3. Speed counts – but accuracy matters more

Retail is all about speed. Stock runs out, trends change overnight, and if you hesitate, you’re left behind. Crisis comms carries the same urgency. The quicker you can reassure people, the less chance misinformation has to take hold.

Social media is both the best and riskiest tool here. It lets you speak to thousands instantly, but if you post too quickly without thinking it through, you risk adding confusion to an already tense situation. 

The golden rule: move fast, but make sure the facts are right and the tone is measured.

4. Always plan ahead

You can’t predict every problem, but you can prepare for how you’ll handle them.
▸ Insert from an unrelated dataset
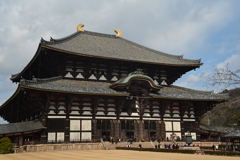 奈良スナップ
A good plan maps out every scenario – from supply issues to cyber breaches – and sets out who does what. That includes:

  • Key contacts – your chain of sign-offs, from legal to HR
  • Impact scenarios – what could realistically happen, inside and outside the business
  • Action plans – how to respond proactively vs reactively
  • Approval chains – so you don’t waste time debating when minutes matter
  • Pre-approved statements – templates ready to adapt in a hurry

I often joke about my middle name being “worst case scenario” – but honestly, that mindset is part of the job… am I a doomsayer? But you really do need to think ahead. A plan is like a retail calendar: not glamorous, but essential to staying on track when the pressure’s on.

The takeaway

Crisis comms in retail isn’t just about putting out fires. It’s about protecting the reputation and customer base you’ve worked hard to build, keeping your response human and credible, and being prepared for the unexpected.

Customers won’t just remember the issue that caused a crisis – they’ll remember how the brand made them feel throughout it. Get it right, and you keep their loyalty. Get it wrong, and they’ll take their shopping bags elsewhere.